Sigma sd Quattro, ISO 100, f 2.8 Handheld
I’ve been engaged in an ongoing documentary project, photographing the grounds and buildings of the Dorothea Dix State Mental Hospital in Raleigh, North Carolina. (The photos that illustrate this piece are of the hospital director’s residence, now abandoned). The Dix campus is a stunningly beautiful piece of property that sits on the edge of downtown Raleigh. The city has been eyeing it for years, hoping to raze the hospital and buildings and convert the grounds to a public park. With the push to de-institutionalize mental health sufferers, the hospital and its numerous support buildings currently sit empty, falling into disrepair while waiting to be bulldozed and replaced with luxury hotels and manicured lawns.
I often walk my dog on the property, and when I do, I’ll usually make a point of taking a camera along with me, if for no other reason than it makes me look – really look – at what’s around me, and it affords the opportunity of recording it for posterity.

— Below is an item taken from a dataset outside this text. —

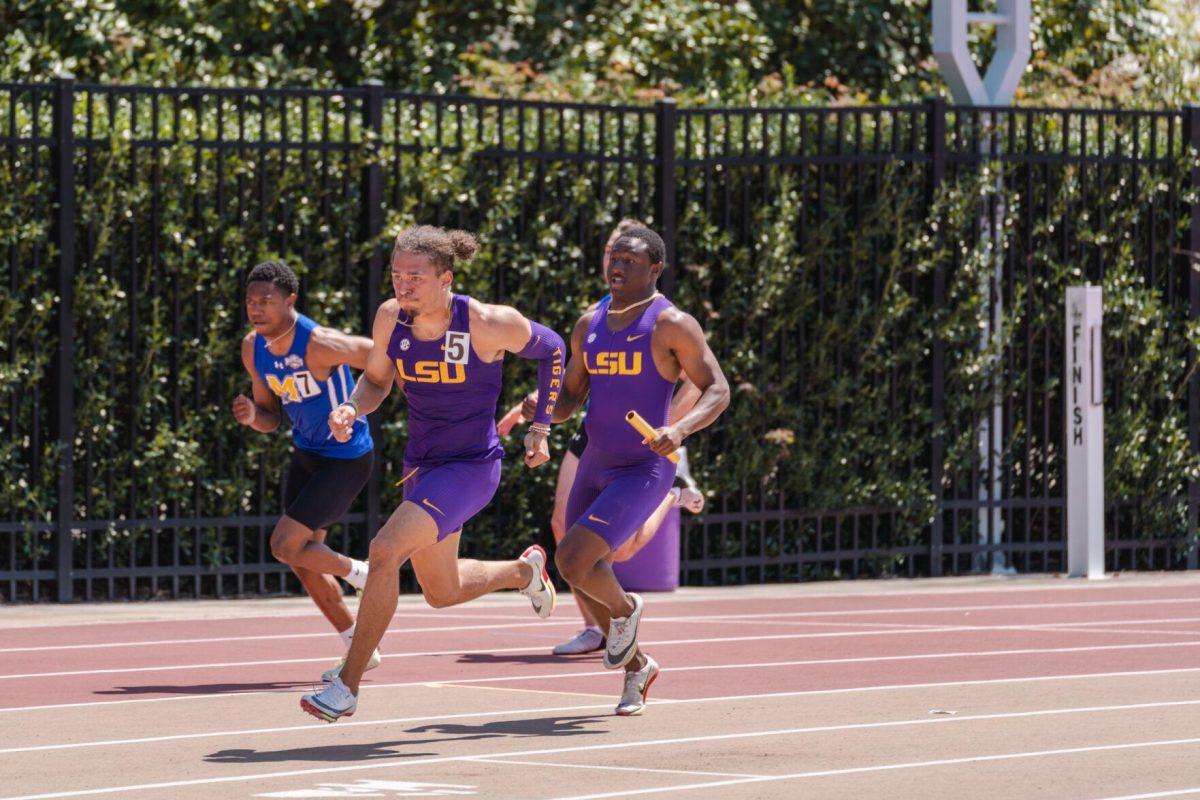 LSU track and field sprints sophomore Da&#8217;Marcus Fleming hands the baton to sprints junior Ashton Hicks on Saturday, April 2, 2022, during the men&#8217;s 4x100m relay at the Battle on the Bayou track meet at Bernie Moore Stadium in Baton Rouge, La.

One thing I’ve learned in 50 years of photographing things is that the things you most take for granted – the things you expect to always be there – are the things that ultimately aren’t. Time has a peculiar way of transforming the most ‘permanent’ of things.
I think, for example, of the year I spent in lower Manhattan in 1978, walking almost daily through the World Trade Center Plaza on my way to school on Broadway just north of the Twin Towers. I usually carried a camera – I was on my way to and from Art School studying photography – and yet I never bothered to photograph what was right in front of me because it all seemed so obvious, so blindingly ‘there’. In all my negatives from that time I find one photo – one – of the WTC towers, a basic tourist snap of the buildings themselves. In hindsight, I’d been given an incredible gift – and I’d squandered it. This, of course, is how we learn, if we learn at all. Often the most effective pedagogy is regret at missed opportunities.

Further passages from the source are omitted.